Apart from my thesis advisor Prof. Dr Roland Foisner who has been a great mentor throughout my PhD and still continues to be one, I have to thank Dr Thomas Dechat who was a senior postdoc in the lab at the time of my PhD. He introduced me to the exciting world of progeria research and had a pivotal role in my pursuing a scientific career. I am grateful to both of them for giving me the freedom to follow my own ideas, yet always steering my research in the right direction. I am also grateful for an amazing PhD community consisting of numerous talented people with various scientific backgrounds who provided valuable input and support throughout my PhD career.
“…a substantial part of a scientific career is being able to communicate your research to the scientific community.”
What's the most important piece of advice you would give first-year PhD students?
In addition to choosing the right mentor, I would encourage new PhD students to seek projects that make their heart beat faster, cause excitement every time they get new piece of data and spark their curiosity. I would encourage students to network with as many different PhD students as possible because those are the people who can provide significant help with learning new techniques, give good scientific input, as well as provide emotional support. Because there will be days when nothing works, when you will not be able to confirm some exciting result, days when you will think that maybe you're not good enough or smart enough to do a PhD. And those days are easier to go through if you have the right support and the right project. Also, a good work–life balance is crucial in doing a successful PhD; find something you like outside the lab and enjoy your free time.
What changes do you think could improve the professional lives of early-career scientists?
One of the best opportunities for early-career scientists is being able to participate in various international conferences where they can present their data, network with scientists from their field and find new job opportunities. For that reason I think it is crucial to provide adequate funding that can support young people at the beginning of their career. In addition, I think the compensation and benefits early-career scientists are currently receiving need to be improved. Although we started this career for the love for science, it is imperative to provide good living conditions for scientists and their families.
What's next for you?
Since finishing my PhD, I joined the lab of Dr Tom Misteli at the National Cancer Institute in Bethesda as a postdoctoral fellow, where I continue to work on premature ageing disease. My major focus is to understand the effect of progerin accumulation and aggregation on protein quality control mechanisms and how the impairment in the specific pathway conributes to the progression of the disease.

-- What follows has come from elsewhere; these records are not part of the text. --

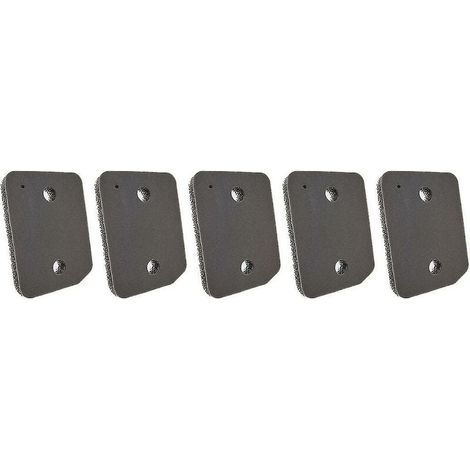 Filtros de espuma de repuesto para secadora Miele serie T1 (paquete de 5) (1/2)
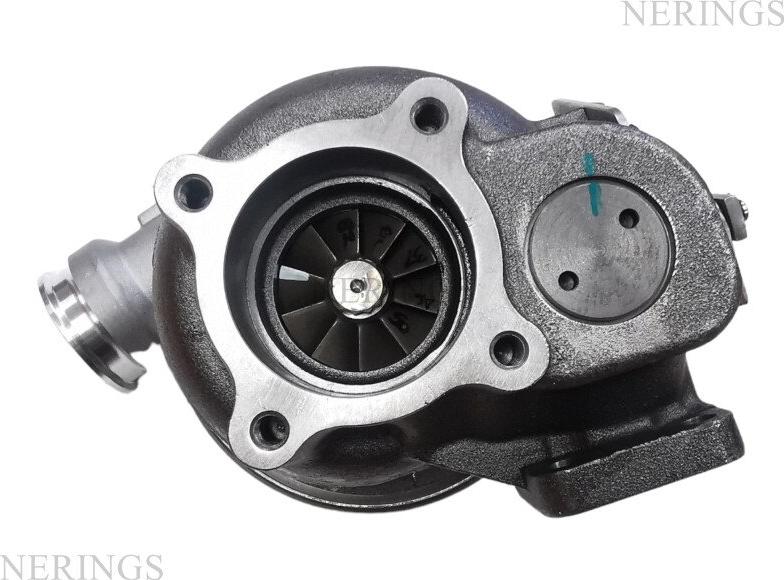 BorgWarner 1270-988-0017 - Турбина, компрессор unicars.by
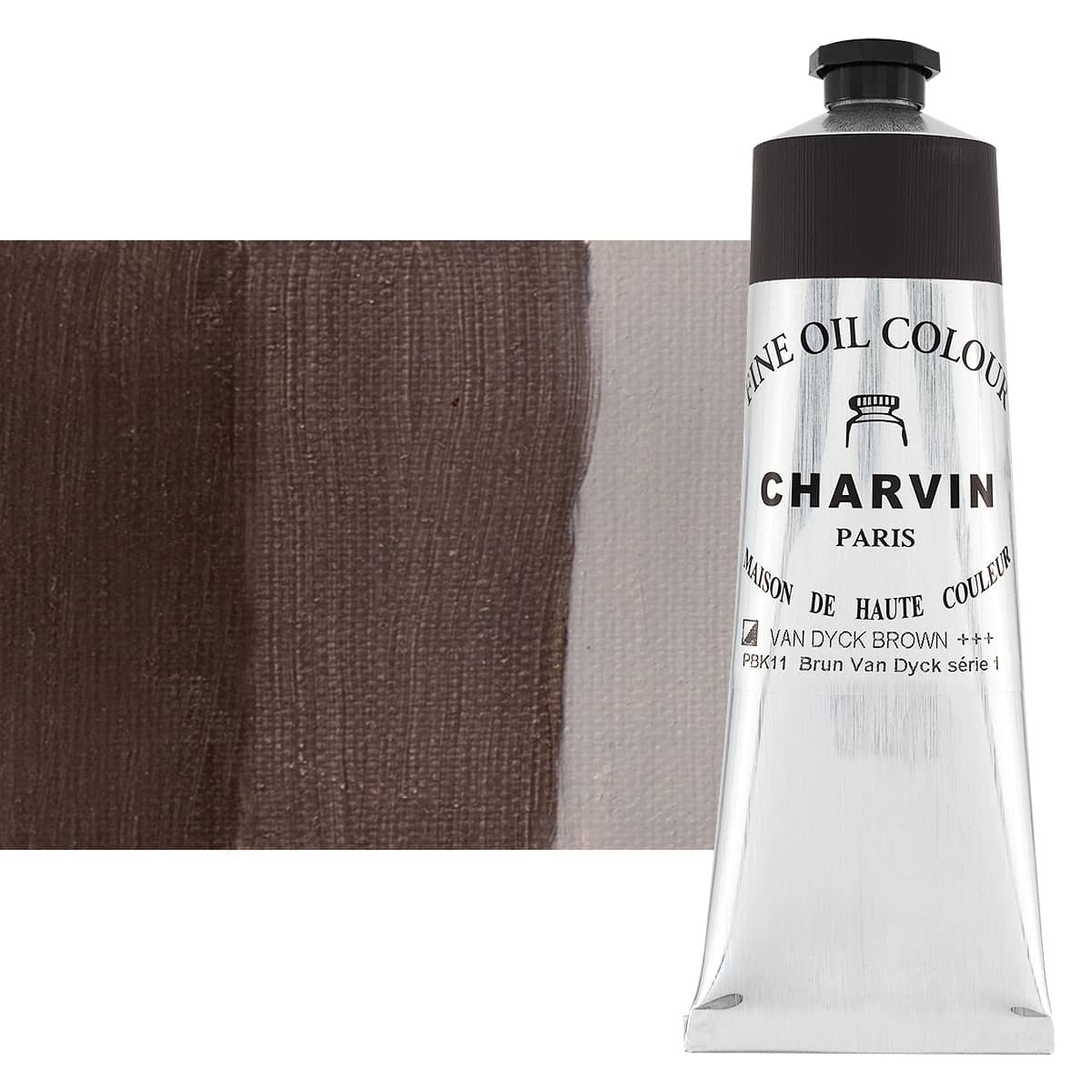 Charvin Professional Artist Quality Oil Paints, Neutral Themed Hues, 150 ml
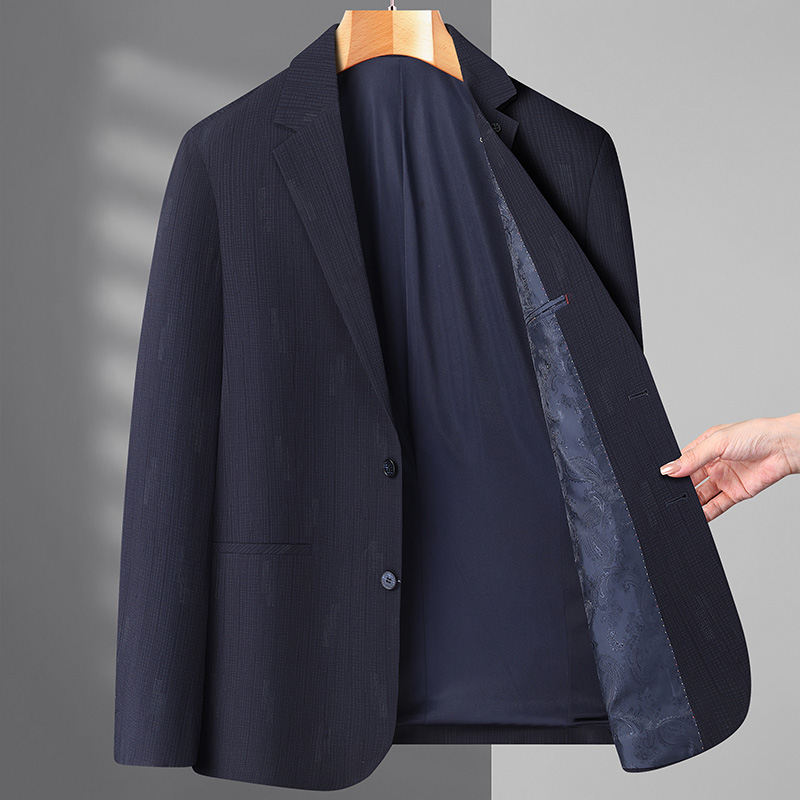 Xl Men'S Fashion - ブレザー大きいサイズ XL-7XL アウトドアメンズカジュアルファッショントレンドスポーティなソリッドカラー英国スタイルビジネス紳士結婚式ブレザー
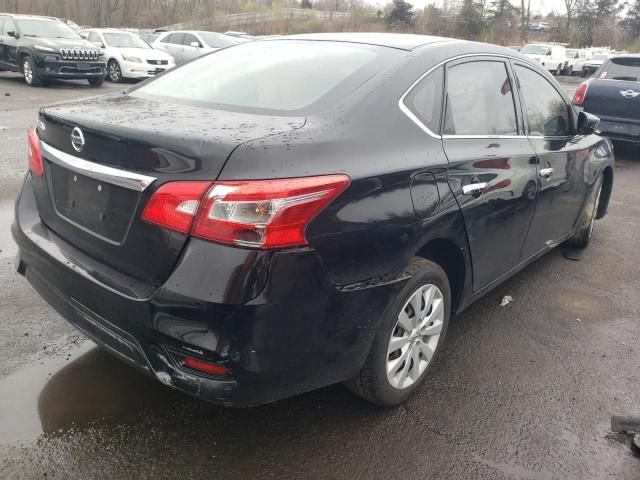 2018 Nissan Sentra S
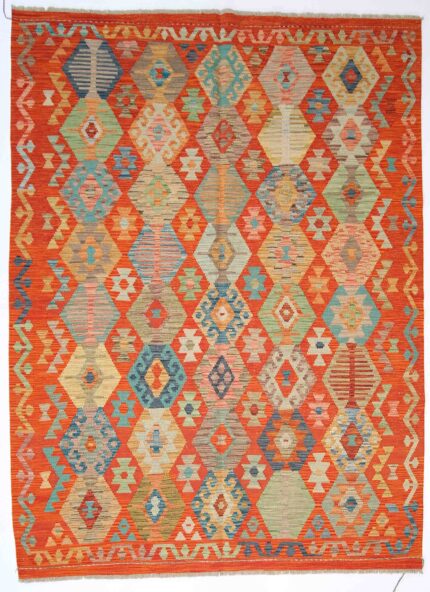 Afghansk Kelim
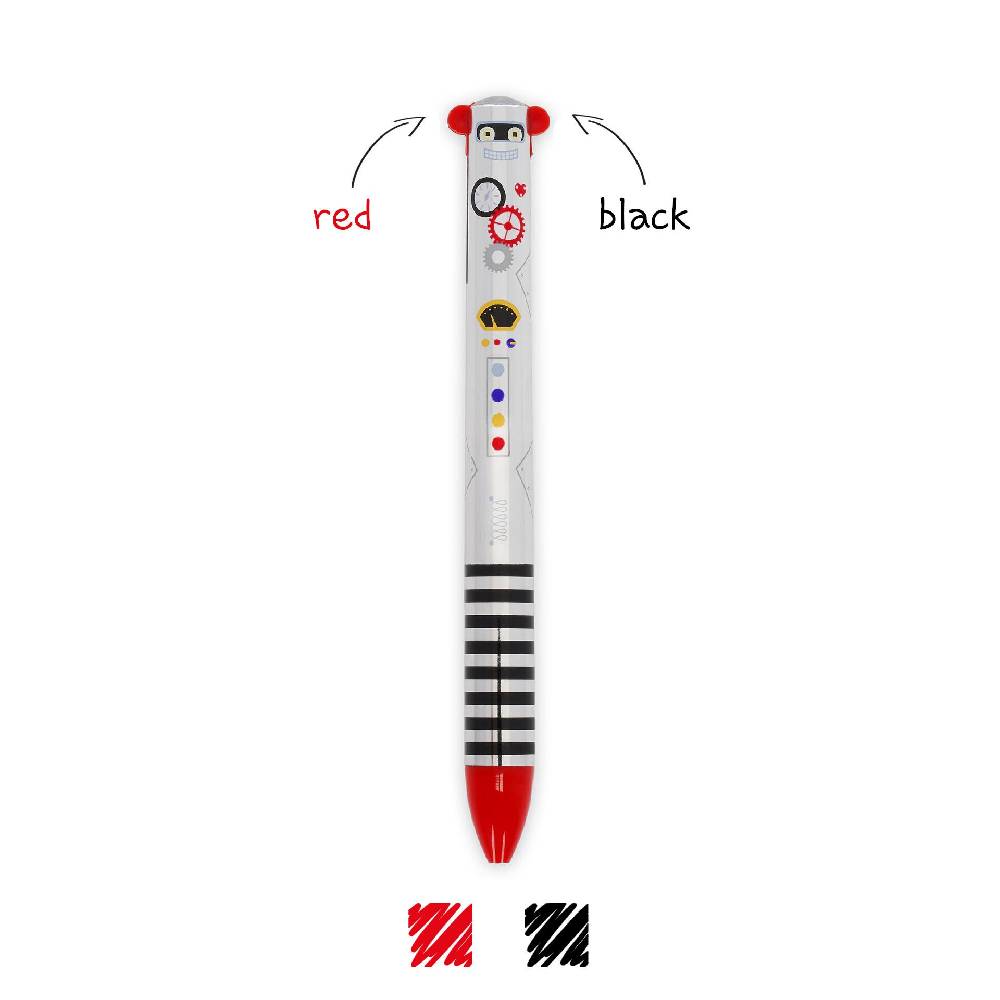 Legami Penna a Due Colori - Click&Clack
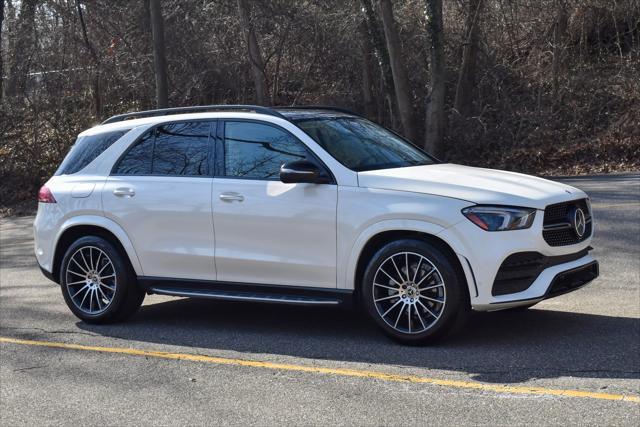 used 2021 Mercedes-Benz GLE 350 car, priced at $35,995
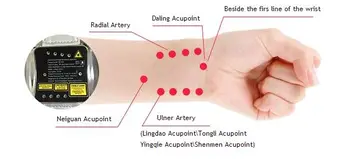 Lastek Factory Ponúka Vysoký Krvný Tlak Znížiť Low Level Laser Therapy hodinky pre domáce použitie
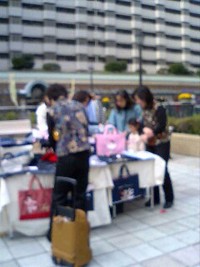 明日は、出店説明会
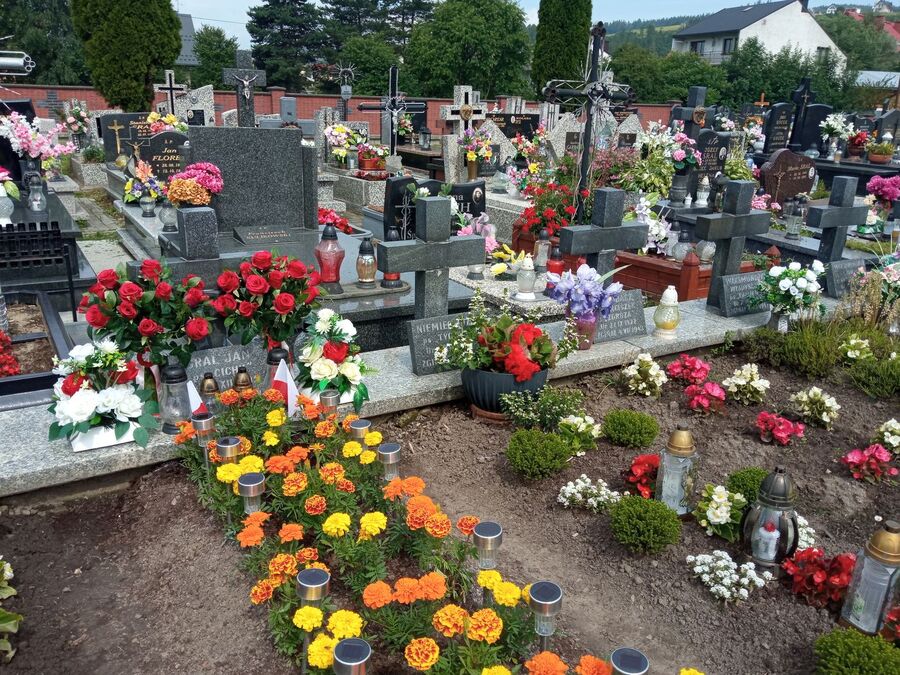 Cmentarz w Waksmundzie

Tell us something interesting about yourself that wouldn't be on your CV
During my PhD I discovered a passion for Zumba and Latin dance, which was the best way to unwind after a long day in the lab and to deal with stress that inevitably comes with doing a PhD. I was also part of the Vienna Biocenter Amateur Dramatic Club playing in our (in)famous Christmas plays that were always highlights of the year and the chance to end the year with laughter. This experience had a tremendous impact on improving my public speaking skills, an important trait for scientists since a substantial part of a scientific career is being able to communicate your research to the scientific community.